Runs Tests

1. Runs up and down

• The runs test examines the arrangement of numbers in a sequence to test the hypothesis of independence.

• See the tables on page 303. With a closer look, the numbers in the first table go from small to large with certain pattern. Though these numbers will pass the uniform tests in previous section, they are not quite independent.

• A run is defined as a succession of similar events proceded and followed by a different event.

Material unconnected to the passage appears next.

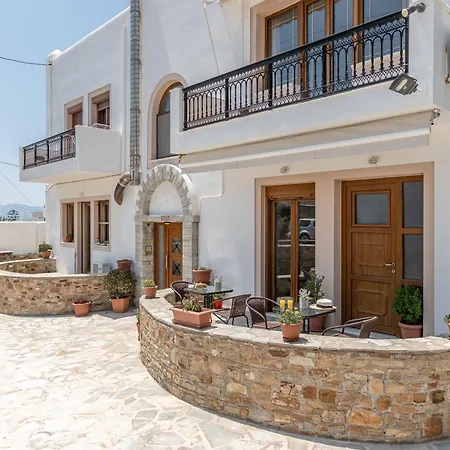 Vaso Studios In Town With Parking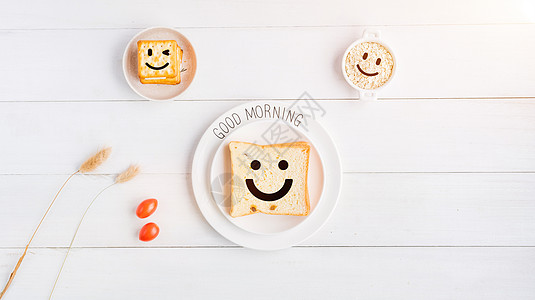 长方形面包微笑早餐设计图片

  E.g. in a sequence of tosses of a coin, we may have

    H T T H H T T T H T
  

  The first toss is proceded and the last toss is followed by a "no event". This sequence has six runs, first with a length of one, second and third with length two, fourth length three, fifth and sixth length one.

• A few features of a run
  • two characteristics: number of runs and the length of run
  • an up run is a sequence of numbers each of which is succeeded by a larger number; a down run is a squence of numbers each of which is succeeded by a smaller number

• If a sequence of numbers have too few runs, it is unlikely a real random sequence. E.g. 0.08, 0.18, 0.23, 0.36, 0.42, 0.55, 0.63, 0.72, 0.89, 0.91, the sequence has one run, an up run. It is not likely a random sequence.

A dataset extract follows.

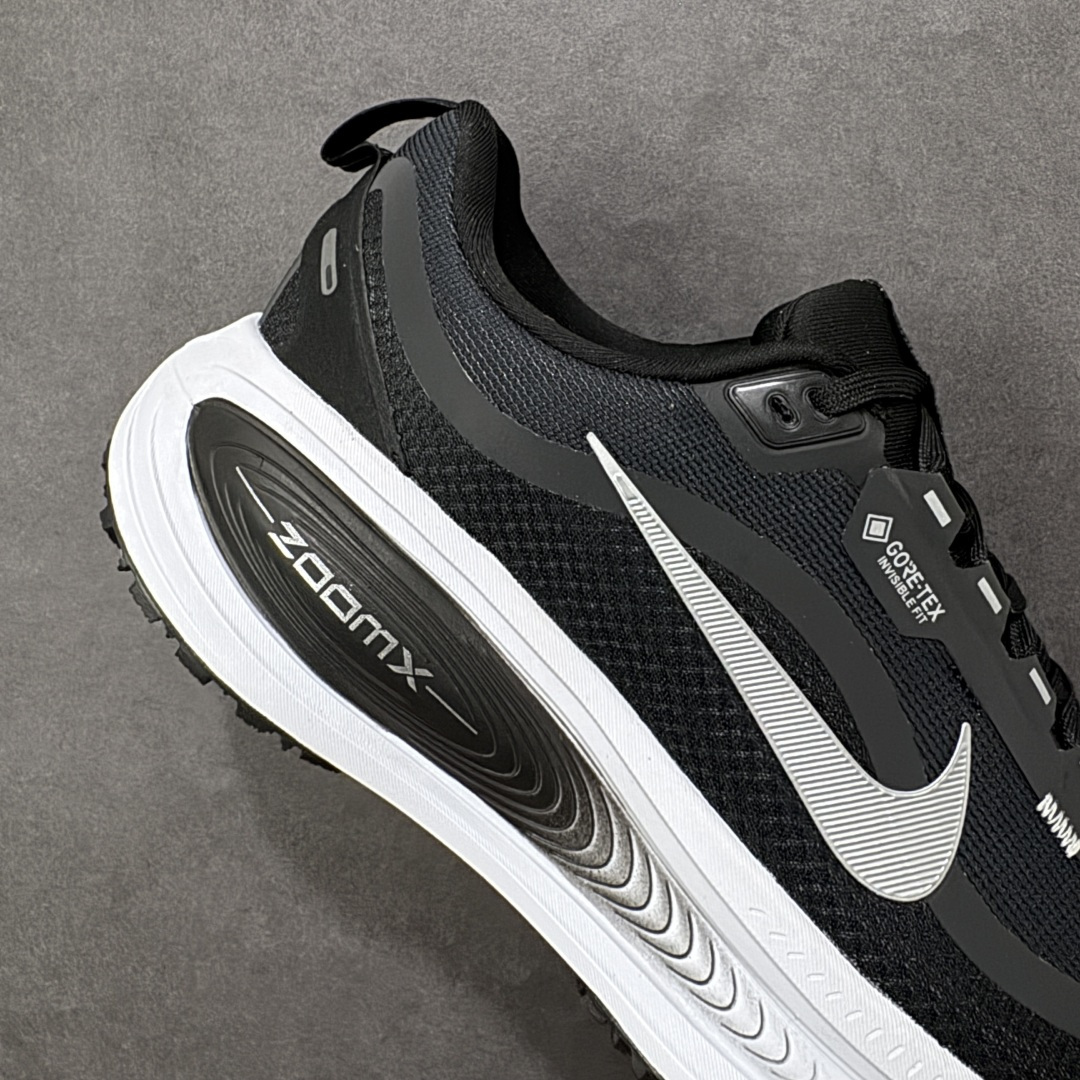 图片[6]-【公司级】Nike VOMERO 18 GTX 耐克 舒适减震防滑 低帮跑步鞋 全掌ReactX泡绵中底 前掌和后跟还配备了Air Zoom气垫单元 据说跑起来更快更舒适哦 这次最大的升级点 首次引入了ReactX泡绵 货号： HQ7001-002 尺码：40-45-选品中心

• If a sequence of numbers have too many runs, it is unlikely a real random sequence. E.g. 0.08, 0.93, 0.15, 0.96, 0.26, 0.84, 0.28, 0.79, 0.36, 0.57. It has nine runs, five up and four down. It is not likely a random sequence.

• If a is the total number of runs in a truly random sequence, the mean and variance of a is given by
  
  $$\mu_a = \frac{2N - 1}{3}$$
  
  
  and
  
  $$\sigma^2 = \frac{16N - 29}{90}$$
  
  

• For $N > 20$, the distribution of a is reasonably approximated by a normal distribution, $N(\mu_a, \sigma_a^2$. Converting it to a standardized normal distribution by
  
  $$Z_0 = \frac{a - \mu_a}{\sigma_a}$$
  
  
  that is
  
  $$Z_0 = \frac{a - [(2N-1)/3]} {\sqrt{(16N - 29)/90}}$$
  
  

• Failure to reject the hypothesis of independence occurs when $-z_{\alpha/2} \le Z_0 \le z_{\alpha/2}$, where the $\alpha$ is the level of significance.

• See Figure 8.3 on page 305

• See Example 8.8 on page 305

2. Runs above and below the mean.

• The previous test for up runs and down runs are important. But they are not adquate to assure that the sequence is random.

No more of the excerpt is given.